A lot can change in less than a year, and right now the extreme makeover is not a good look if you're AMC Entertainment (NYSE:AMC) or one of the smaller movie theater chains. Walt Disney (NYSE:DIS) CEO Bob Chapek was speaking at an analyst conference this week, and it doesn't seem as if the House of Mouse is going to approach theatrical distribution with the same attitude as a year ago.
"I think the consumer is probably more impatient than they've ever been before," Chapek said during Monday's presentation at the Morgan Stanley Technology, Media and Telecommunications Conference, as recounted by Variety.
We've been spoiled by streaming access to the biggest releases over the past year, and that's not an easy spigot to turn off once it's been turned on. Chapek sees what multiplex operators don't want to see, and in the eyes of consumers it's no longer AMC calling the shots on theatrical release windows.
"I don't think they'll have much of a tolerance for a title, say, being out of theatrical for months, yet it hasn't had a chance to actually be thrown into the marketplace in another distribution channel, just sort of sitting there getting dust," Chapek concluded.
If you're a movie fan, you're giddy with the power that now rests in your remote control.

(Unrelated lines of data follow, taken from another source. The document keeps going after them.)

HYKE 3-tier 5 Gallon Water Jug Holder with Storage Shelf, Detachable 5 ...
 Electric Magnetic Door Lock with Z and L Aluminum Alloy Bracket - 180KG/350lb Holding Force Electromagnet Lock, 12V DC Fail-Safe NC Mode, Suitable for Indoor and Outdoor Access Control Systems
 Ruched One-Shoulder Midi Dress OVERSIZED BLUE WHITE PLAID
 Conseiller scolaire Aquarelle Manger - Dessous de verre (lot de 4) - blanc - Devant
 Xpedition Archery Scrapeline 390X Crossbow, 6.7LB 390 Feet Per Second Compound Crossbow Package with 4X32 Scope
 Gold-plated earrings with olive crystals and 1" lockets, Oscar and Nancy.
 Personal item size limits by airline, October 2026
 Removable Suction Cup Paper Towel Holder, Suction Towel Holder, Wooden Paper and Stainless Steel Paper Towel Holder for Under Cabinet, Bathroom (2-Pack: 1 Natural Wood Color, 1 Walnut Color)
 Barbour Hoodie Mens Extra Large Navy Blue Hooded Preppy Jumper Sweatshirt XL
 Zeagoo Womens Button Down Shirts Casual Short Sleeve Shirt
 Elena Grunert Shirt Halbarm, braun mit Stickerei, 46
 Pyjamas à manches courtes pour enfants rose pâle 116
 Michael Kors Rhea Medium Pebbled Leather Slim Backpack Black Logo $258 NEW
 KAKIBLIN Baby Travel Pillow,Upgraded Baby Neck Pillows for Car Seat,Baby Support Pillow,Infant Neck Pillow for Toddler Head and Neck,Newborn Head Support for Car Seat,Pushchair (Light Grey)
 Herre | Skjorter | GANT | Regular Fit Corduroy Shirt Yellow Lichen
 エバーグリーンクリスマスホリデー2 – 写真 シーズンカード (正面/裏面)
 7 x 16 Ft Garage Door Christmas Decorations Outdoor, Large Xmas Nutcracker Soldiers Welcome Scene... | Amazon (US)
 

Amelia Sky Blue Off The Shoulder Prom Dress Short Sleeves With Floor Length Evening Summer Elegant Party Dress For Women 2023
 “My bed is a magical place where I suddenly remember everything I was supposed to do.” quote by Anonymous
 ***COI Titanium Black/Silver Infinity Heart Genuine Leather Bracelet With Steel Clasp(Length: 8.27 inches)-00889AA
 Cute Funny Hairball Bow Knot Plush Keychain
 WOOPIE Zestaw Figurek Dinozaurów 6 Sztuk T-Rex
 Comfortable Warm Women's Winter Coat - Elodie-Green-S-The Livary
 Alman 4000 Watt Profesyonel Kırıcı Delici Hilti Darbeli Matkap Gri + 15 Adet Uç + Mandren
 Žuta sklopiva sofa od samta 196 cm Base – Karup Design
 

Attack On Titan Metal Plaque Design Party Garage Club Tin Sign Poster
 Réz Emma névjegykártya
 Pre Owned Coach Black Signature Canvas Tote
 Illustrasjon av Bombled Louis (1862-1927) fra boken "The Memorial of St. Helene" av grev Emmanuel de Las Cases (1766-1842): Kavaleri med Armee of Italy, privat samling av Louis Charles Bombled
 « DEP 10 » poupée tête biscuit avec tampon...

If you're AMC, it's a good time to get nervous and lament how much power has slipped through your fingers in less than a year.
The last dragging
When Raya and the Last Dragon hits theaters this weekend, you're not going to be out of the picture if you're not ready to trek out to your local multiplex. Disney's first theatrical release since Onward a year ago will also be streaming for Disney+ subscribers willing to pay an extra $30 to catch it months before other Disney+ accounts have access through their existing plans. Disney took a similar premium streaming window approach with the live-action reboot of Mulan late last year, only that time -- in the U.S., at least -- it didn't play in movie theaters.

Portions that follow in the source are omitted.